SDV Insights

The 10th Circuit Reminds Policyholders that Insurance Carriers May Not Be Required to Show Prejudice Under a "Claims-Made" Policy


The 10th Circuit Court of Appeals recently issued a decision that serves to remind policyholders that the insured’s duty to provide timely notice may be treated differently under a “claims-made” policy. Specifically, the 10th Circuit held that insurance carriers may not be required to show that they have been prejudiced by a policyholder’s failure to give “prompt” notice before denying coverage under a “claims-made” policy.

While many jurisdictions adhere to the notice-prejudice rule, which requires an insurer to demonstrate that it has been prejudiced before it is permitted to deny coverage on the basis of a policyholder’s untimely notice, this rule is most commonly applied in the context of “occurrence” policies. Occurrence policies provide coverage for loss or damage that “occurs” within the policy period, regardless of when a claim is made. Conversely, a “claims-made” policy provides coverage for those claims brought against the policyholder during the policy period and reported to the insurer by a certain date, typically within a brief window following the expiration of the policy period.
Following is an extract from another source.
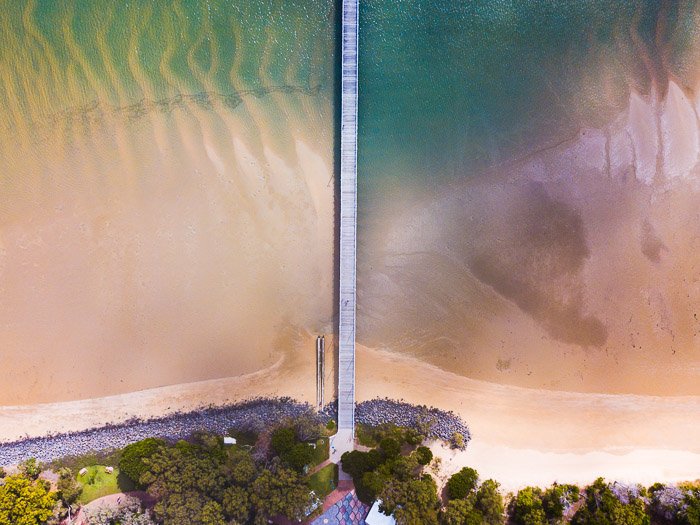 Fotografía de drones hacia abajo de un largo puente de madera en aguas poco profundas que captura la simetría combinando características naturales y creadas por el hombre.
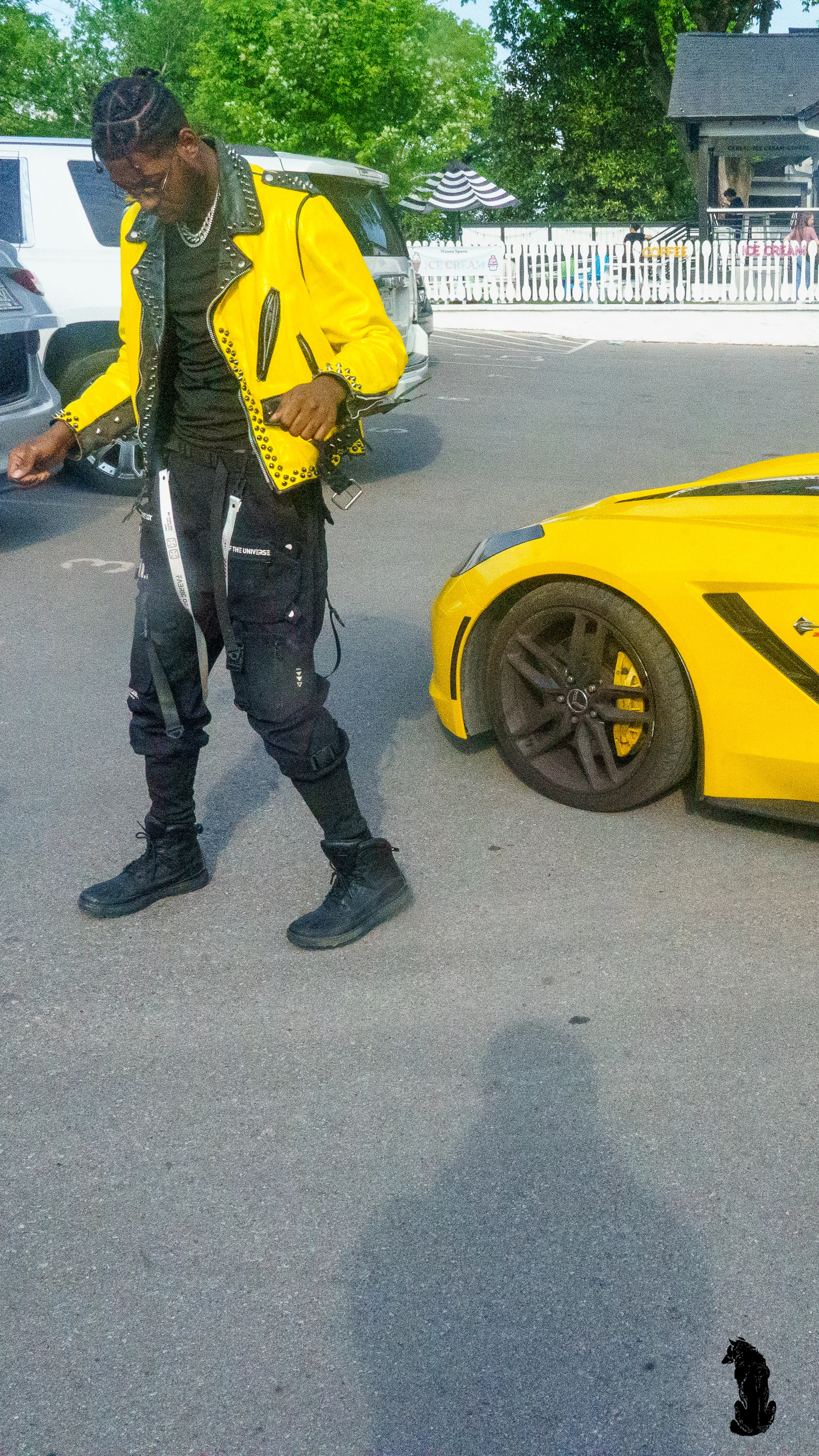 Alpha The Wolf walking in stride beside the yellow Corvette, head slightly bowed with a subtle smile, the car's low-slung body and chrome rims filling the right of the frame.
In Dean Craft v. Philadelphia Indemnity Insurance Co., 2015 U.S. App. LEXIS 6032 (10th Cir. 2015), the 10th Circuit Court of Appeals certified, to the Colorado Supreme Court, the unsettled question of whether the notice-prejudice rule applies to “claims-made” policies. Dean Craft involved a “claims-made” policy that required the policyholder to provide notice “as soon as practicable” after learning of the claim but “not later than 60 days” after the expiration of the policy. Nevertheless, the policyholder provided notice of the claim far past the policy’s 60-day date-certain notice requirement. While the Colorado Supreme Court was presented with the broad question of whether the notice-prejudice rule applies to “claims-made” policies, the court chose to answer the question more narrowly and restrict its’ analysis to whether the notice-prejudice rule applied to the date-certain notice requirement of a “claims-made” policy.  In answering the 10th Circuit’s certified question, the Colorado Supreme Court found that the notice-prejudice rule couldn’t apply to the date-certain notice requirement in the policyholder’s “claims-made” policy.

The court found that, under a claims-made policy, timely notice is the event that triggers coverage and to excuse late notice in violation of such a requirement would alter a basic term of the insurance contract. The court expressed concern that applying the notice-prejudice rule would prevent insurer’s from defining coverage with certainty because they would not be able to “close the books” on previous policy periods and policy premiums would rise to account for the risk that an insured might notify the insurer of a claim after the policy period expired. Ultimately, the court recognized that extending the notice-prejudice rule to date-certain notice requirements would likely decrease the availability of “claims-made” insurance policies.